Elle et lui, de Leo McCarey (1939): rendez-vous à l'Empire State Building, sans King Kong
Elle et lui est un inusable film romanesque chéri des Américains, tant chéri que les héroïnes de Sex and the City regardent la version Cary Grant - Deborah Kerr un soir de réunion entre filles. Je vais évoquer ici la première version du film, également réalisée par Leo McCarey, dont les protagonistes sont Charles Boyer, deuxième Français à faire carrière à Hollywood après Maurice Chevalier, et Irene Dunne, leading lady des années 30.
Dans un monde qui n'existe plus, un homme et une femme se rencontrent lors d'une croisière transatlantique. Michel Marnay (Charles Boyer), don juan patenté, se rend à New York pour épouser sa richissime fiancée Lois. Terry McKay (Irene Dunne), chanteuse de cabaret sans avenir, doit retrouver dans la Grosse Pomme une connaissance qui l'épousera pour la sauver de son sort. Malgré les on-dit, les commérages et la promiscuité du paquebot, Michel et Terry tombent amoureux l'un de l'autre. Oisif, Michel ne peut épouser Terry - il n'a pas de fortune. Sans argent, Terry ne peut épouser un homme qui ne la ferait pas vivre. Pariant sur le destin, Terry propose à Michel de laisser passer six mois après leur arrivée à New York, afin que chacun se trouve une situation. Elle lui donne également rendez-vous en haut de l'Empire State Building (102éme étage, très précisément). Michel accepte, devient un peintre avec une certaine cote.

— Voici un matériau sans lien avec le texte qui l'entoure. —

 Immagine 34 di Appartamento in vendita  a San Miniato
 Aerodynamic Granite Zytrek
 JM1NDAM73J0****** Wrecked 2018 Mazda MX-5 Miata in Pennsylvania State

Terry chante dans un cabaret. Les deux anciens fiancés sont oubliés. Le jour de la rencontre arrive, et là...
J'ai vu deux fois Elle et lui. La première fois, je trouvai le traitement de l'histoire plus fin que la seconde version, le jeu des acteurs plus nuancé. Lors du second visionnage, eh bien... j'ai peut-être changé, ou bien le romanesque ne me sied plus: j'ai trouvé l'ensemble plus démodé qu'intemporel. L'ensemble manque un peu de rythme - malgré que ce soit un mélodrame, le tempo y est un peu long. La religion est trop présente - la scène de l'oratoire à Madère est presque risible, les prêtres paternalistes sont agaçants. La peinture de Michel est d'un style pompier difficilement appréciable aujourd'hui. Enfin, on ne croit plus vraiment au côté Casanova qui tombe amoureux d'une femme lui résistant vaguement. Quid des acteurs?

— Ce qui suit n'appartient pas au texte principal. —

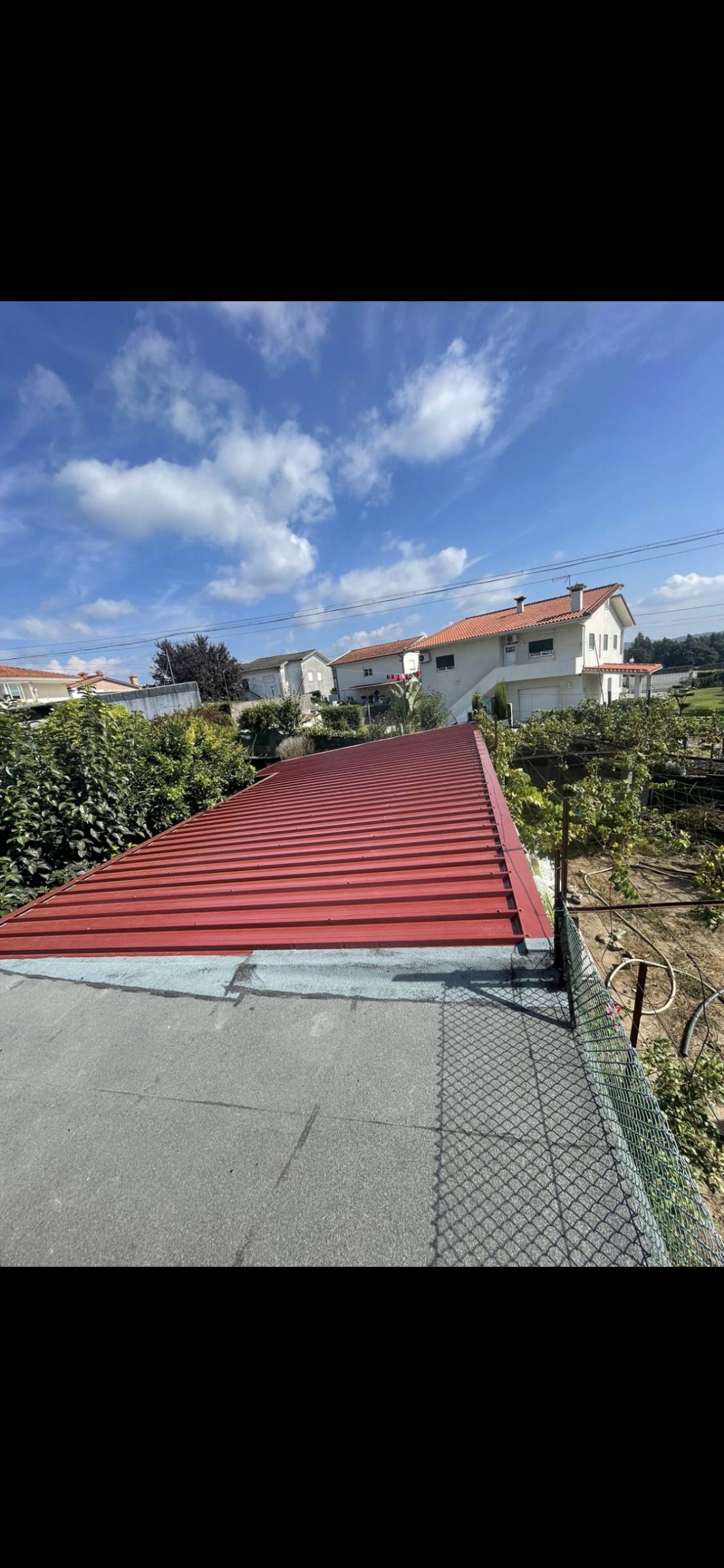Maniferro - Vila Nova de Famalicão - Handyman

Charles Boyer, avec son délicieux accent français, est tout à fait dans son personnage: léger, puis grave, libertin, puis responsable. Le voir en pantalon de peintre en bâtiment est absolument réjouissant! Quand à Irene Dunne, que j'adore dans Cette sacrée vérité, je l'ai trouvée moins, disons, naturelle en Terry McKay. Une certaine raideur dans son jeu la fait paraître plus froide qu'il n'y parait. Son aisance du rythme dans le film précédemment cité ne se retrouve pas ici. Elle reste une actrice de premier plan, silhouette élancée, visage net, gestes gracieux, mais elle ne parvient pas à m'émouvoir avant la scène finale des retrouvailles. En plus, les cheveux relevés, ça ne lui va pas. Je la préfère dans un autre mélodrame, terrible celui-ci, la Chanson du passé, où elle retrouve son partenaire de Cette sacrée vérité, un certain Cary Grant.

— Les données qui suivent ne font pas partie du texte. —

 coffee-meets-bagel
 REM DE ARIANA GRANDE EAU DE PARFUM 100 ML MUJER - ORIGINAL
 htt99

Finalement, ce sont les seconds rôles que j'ai préférés: Lee Bowman, dans le rôle du fiancé sacrifié de Terry, qui reste avec elle dans ses malheurs, puis s'efface avec une élégance sans équivalent; et Maria Ouspenskaya, actrice russe, membre fondateur du Théâtre d'art de Moscou, gloire de Broadway dans les années 20, et qui finit sa carrière en incarnant les grands-mères d'à peu près toute la galaxie hollywoodienne. Dans Elle et lui, elle est celle de Michel, un délicieuse petite veuve vivant retirée à Madère. On peut plaisamment ajouter que Boyer a un accent français, Ouspenskaya un accent russe, et Dunne... un accent distingué; oui, à cette époque, les actrices américaines n'avaient pas cet accent nasal de Donald Duck. C'est d'autant plus agréable à entendre. Bon film!
ELLE ET LUI (LOVE AFFAIR)
RKO, 1939
Réalisation: Leo McCarey
Photographie: Rudolph Maté
Distribution: Irene Dunne (Terry McKay), Charles Boyer (Michel Marnay), Maria Ouspenskaya (Janou), Lee Bowman (Kenneth Bradley)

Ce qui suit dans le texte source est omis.